Breakups, brawls and loads of s**t
IF ONE were seriously into affirmative action and given to asinine political correctness, one could take a lenient, benign view of this D-grade atrocity called Valentine’s Night. But one is not and life is too short and money is hard to earn.
On paper, the story of Valentine’s Night may have seemed mildly interesting to its directors and producers, but what's on screen is a criminal offence.
We are in Delhi where we are introduced to the Facebook profile photographs of a few random people and their random lovers. Some lovers are excited about Valentine’s Day, but their partners are not. So when the excited lovers try to do something special, the bored others piss on it. This leads to tight slaps all around and lots of walking away in a teary huff.
Breakups abound and one set of newly singles go home and log on to Facebook and write stuff about being lonesome on Broken Hearts page. Other alert lonesomes perk up and decide to make a party out of their lonesomeness. So one lot of lonesomes get together at CCD India Gate (apparently there lurks a coffee shop somewhere in the mysterious dungeons under India Gate), some arrive fully clothed, other lonesomes don’t bother with pants etc. They hire a “party cab” and hop in waving one poor Bihari daddy’s add-on ATM card. There’s drinking, singing and bakwas baatein.
Kindly note that these lonesomes are being driven around in a stretch limo by a man who has stuck on a fake moonch and dari.

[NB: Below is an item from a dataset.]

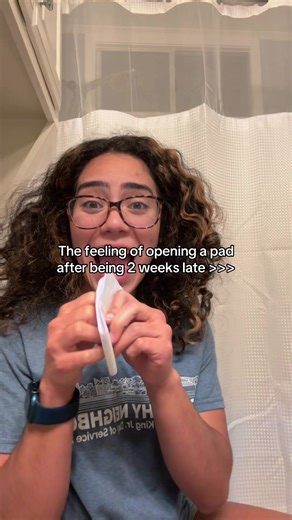 Understanding Late Periods and Implantation Signs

We see it, the idiot lonesomes don’t.
In another part of town, two other lonesomes get together to catch and trash their partying other halves. Instead, one of them gets kidnapped by what looks like a mujahideen gang but are just common bhai log in fancy dress. They have a writhing bhai in the dickie and are in search of a doctor. It’s a tense situation, so lots of tight slaps are exchanged.
Another lone lonesome, meanwhile, is at the beck and call of a politician who desires a “sanwali, jangli, adivasi” lady. He can’t get it off with the bored lady standing in attendance. He is at a farmhouse party whose open invites have been posted on Facebook. So the party car gang lands up here. But before they can have any fun, one lonesome snorts stuff and falls down frothing. They head back to the party car, which now has some awake lonesomes, one comatose lonesome, and one agitated lonesome in search of a wild, tribal belle. Oh! There’s also a gun-wielding so-and-so.
Back at the farmhouse, meanwhile, bored lady is still standing, now really wilting... all this nonsense will somehow get sorted, on Valentine’s night itself, at a police station, but long after a murder has been committed and a Peeping Tom has confessed.
You may have laughed reading this, but you will weep if you have to sit through this painful affair which, by the way, takes a random detour to visit Rakhi Sawant, now a scary nipped’n’tucked relic of her earlier self.
Payal Rohtagi is insufferable on reality shows. Watching her here, in this seedy affair, with her rather large and often peeking behind, takes courage. There is also wrestler Sangram Singh who is making his debut, among others. It is too much to expect even proper hamming from this lot, afflicted as most are with partial or complete facial paralysis.
TT rating in our family newspaper stands for Truly Terrible. I’d like to change that for Valentine’s Night to truly tatti.